Gulf crisis reveals air passengers’ rights rules are unfit for purpose
Plane Talk: Middle East aviation shutdown has left millions stranded
Albert Park in Melbourne is normally a tranquil location, except for one weekend a year: this coming Saturday and Sunday, ear defenders are recommended as the F1 Grand Prix reverberates around the southernmost big city in the world.
This year, the Formula One Qatar Airways Australian Grand Prix 2026 – as it is officially known – will be unusual. The teams and the fans will not be able to reach the festival of motorsport in Melbourne on the flights of the main sponsor.
Qatar Airways has planes parked up at airports around the world. “Aircraft on ground” (AOGs) in Australia include an A380 parked up next to a trio of Emirates SuperJumbos at Sydney, and a Boeing 787 in the capital, Canberra. While the chaos in the Gulf is unfolding, these planes are paralysed – along with the plans, hopes and dreams of the passengers who were expecting to fly on them.
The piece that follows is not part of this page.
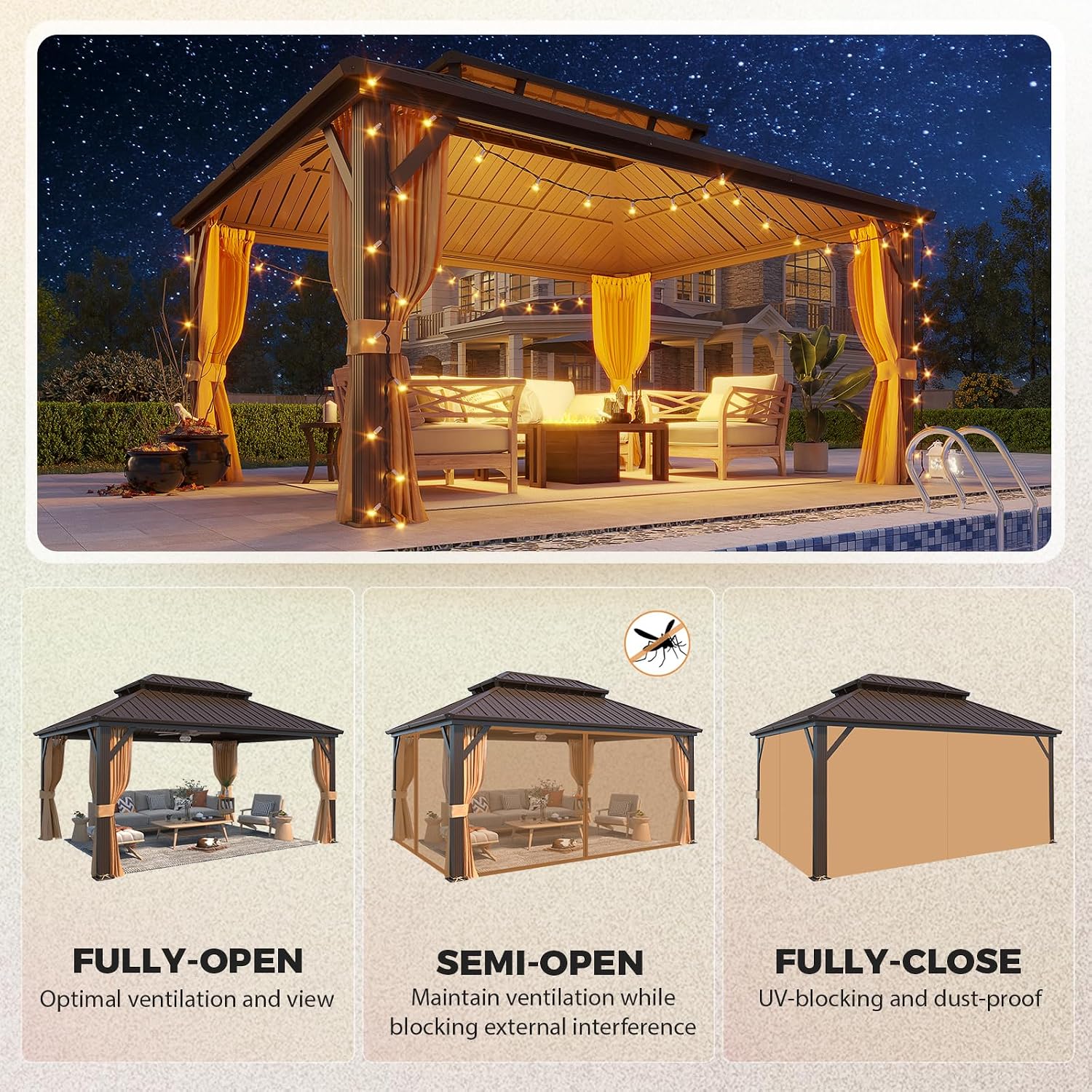 YOLENY 12' x 16' Gazebo Hardtop with Aluminum Frame,Galvanized Steel Double Roof Gazebos with Curtain and Netting,Outdoor Metal Pergolas for Garden, Lawn, Deck, Brown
Since the airspace of Qatar and much of the rest of the region closed down at the weekend, I have tried to advise as many passengers as possible about their rights.
For the thousands who are booked each day to fly from UK airports to the Qatari capital, Doha, and connect straight to a destination in Asia, Australasia or Africa, the advice is simple. The airline is obliged to find an alternative way to get you to your destination as close to the original timings as possible.
As is inevitable when a substantial chunk of the world’s aviation capacity is suddenly removed, fares have soared while seats have become scarce. The non-stop London Heathrow to Perth this week has been fully booked, with McLaren and Red Bull teams switching to the Qantas flight. But this is the cancelling airline’s problem, not the passenger’s.
A number of readers have contacted me to say that Qatar Airways has declined to switch them to other carriers from the UK to destinations beyond Doha; I have contacted the carrier to ask for an explanation. Meanwhile, travellers can book on an alternative airline and send the Qatari carrier the bill. Visitors to the UK who are waiting to fly home via the Gulf are being accommodated in hotels, with meals provided by the airline.
Yet for British passengers who had already flown to the eastern and southern hemisphere, and have been hoping to fly back this week, the picture is very different. Non-European airlines have no obligation to provide customer care for flights that originate outside the EU and UK.
This week, I have met many British travellers in Australia whose last few days of the trip have been consumed by trying to rearrange their travel plans. One couple – farmers from Leicestershire – spent almost £10,000 on tickets from Sydney via San Francisco to London.
Passengers have also been racking up hotel bills at an alarming rate. So far – except for travellers in the scary position of staying in hotels in Abu Dhabi and Dubai, where the UAE government is picking up the bill – there is little indication that the airlines are intending to reimburse passengers. They may yet do so, and I urge anyone stranded to keep meticulous receipts in the hope that the airline will agree to meet out-of-pocket expenses.
Standard travel insurance policies are unlikely to help. The Gulf airspace shutdown has revealed the, er, gulf between where air passengers’ rights rules end and travel cover begins.
Surely if holidaymakers have inadvertently been caught up in severe disruption of this nature, somebody should pick up the bill? That is the essence of European air passengers’ rights rules, which have just celebrated their 21st birthday. But one of the many flaws in the “261” legislation is the inherent lopsidedness.
The entitlements apply to all flights leaving the UK and EU, but for those coming back from outside Europe, the requirements for care (and sometimes compensation) apply only to British and European airlines. Lots of passengers, understandably, have trouble getting their heads around this. Same plane, same ticket, same distance, but if your ticket shows you are flying home rather than away, you lose the gold-plated consumer protection in the event of disruption.
It is time to remove this loophole. I am not suggesting that it should apply to a rather wayward trip like my current adventure, involving a succession of individual bookings on Turkish, Chinese, Australian, Indonesian and Malaysian carriers. If things fall apart, it’s on me.
But British passengers who book a simple return ticket from the UK on Qatar Airways, or any other foreign airline, deserve the same protection in either direction. As they say in Melbourne this weekend: let’s make some noise.